В критике 20-х годов подобные произведения нередко называли «поэмами в прозе». Такое обозначение, как правило, носило характер метафоры8. Однако есть все основания придавать этой метафоре значение строгого термина, обозначающего определенный метпажанр, то есть общий конструктивный принцип моделирования мира, лежащий в основе каждого из жанров, родство которых путем эмпирических наблюдений объединили понятием «поэма в прозе».

В чем же состоит конструктивный принцип метажанра «поэма в прозе»? Его корни в первофеноменах жанра – в эпических поэмах, начиная с «Илиады» и «Одиссеи». Суть этого принципа – в сюжетно-композиционном сцеплении трех образов-концептов: образа исторического события, образа народа (этноса, нации, общества) и образа» героя. Сюжет эпопеи – это всегда испытание духовной цельности народа историческим потрясением, а эстетической мерой героя становится его роль в сюжете события с народным историческим бытием. «Эпопейностпъ» – так можно обозначить семантический потенциал жанровой формы героической поэмы. Но конструктивный принцип, впервые оформившийся еще в античной эпической поэме, впоследствии служил основой моделирования мира в ряде других, близких ей по пафосу жанров.

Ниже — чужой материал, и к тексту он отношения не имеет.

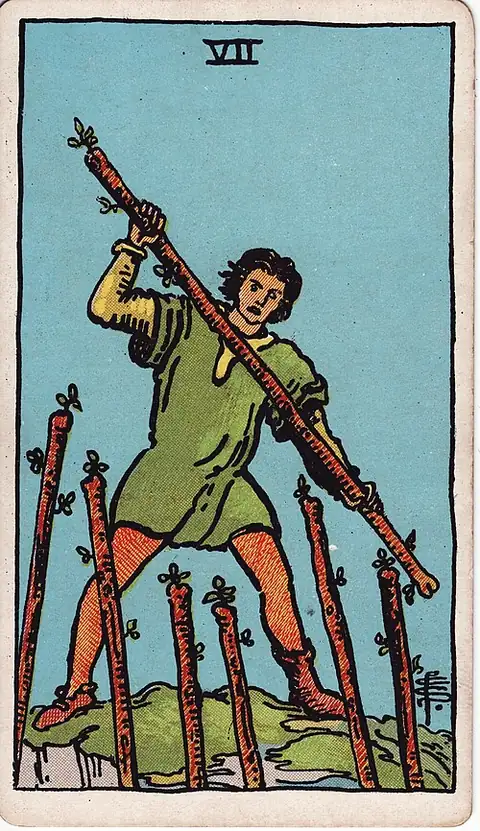 Seven of Wands reversed. A man on high ground defends himself with a staff against six more thrust up at him from below.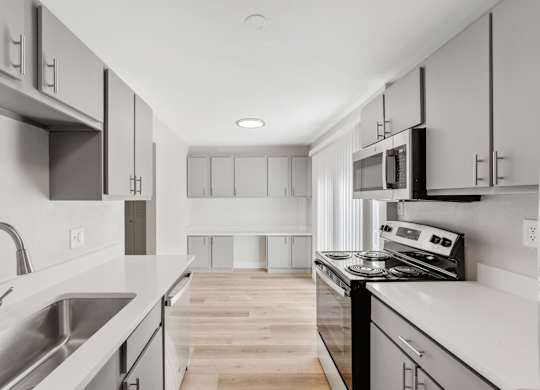 A modern kitchen with stainless steel appliances and white cabinets. at The Lex At Lowry, Denver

В эпических жанрах фольклора Древней Руси этот принцип проступает, прежде всего, в русских былинах и украинских думах.

Однако, в отличие от своих генетических предшественников, эпических и лиро-эпических поэм, новый метажанр создавался не в стихах, а в прозе. И это обусловливало очень существенное отличие от канонических разновидностей жанра поэмы. Стиховая речь традиционно предрасполагает к торжественному тону, к разговору о «высоком», прозаическое же испокон веку было ориентировано на то, чтобы изображать «прозу жизни» – подробности быта, текучую повседневность. В отличие от стиха, подчиняющего речь ритмической «узде», прозаическая речь раскована – она способна растекаться по всему полю художественного мира, проникать во все его закоулки и передавать все изгибы мысли повествователя и персонажей.

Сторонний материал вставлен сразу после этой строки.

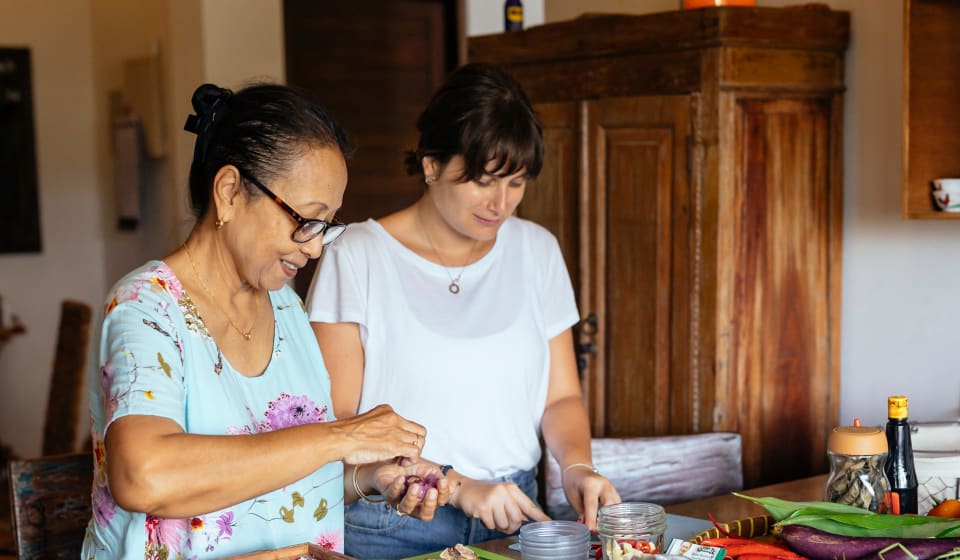 A Balinese local giving a cooking class for a tourist on Bali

И все равно, тип дискурса «поэм в прозе» не укладывается полностью в «прозаику». Здесь проза тянется к стиху – тут есть целые фрагменты ритмической прозы, встречаются вставные жанры, принадлежащие к стиховому фольклору (народные песни, поучения), интертекстовые отсылки к каноническим жанрам героического эпоса, есть характерные для поэтического эпоса клише (зачины, рефрены, порой даже – постоянные эпитеты), архитектонические сцепления контрастных по эмоциональной окрашенности эпизодов. Более того, в «поэмах в прозе» сама фактура слова экспрессивно перенасыщена: густота тропов, яркость красок, неистовость гипербол – то, что в принципе характерно для поэтической речи.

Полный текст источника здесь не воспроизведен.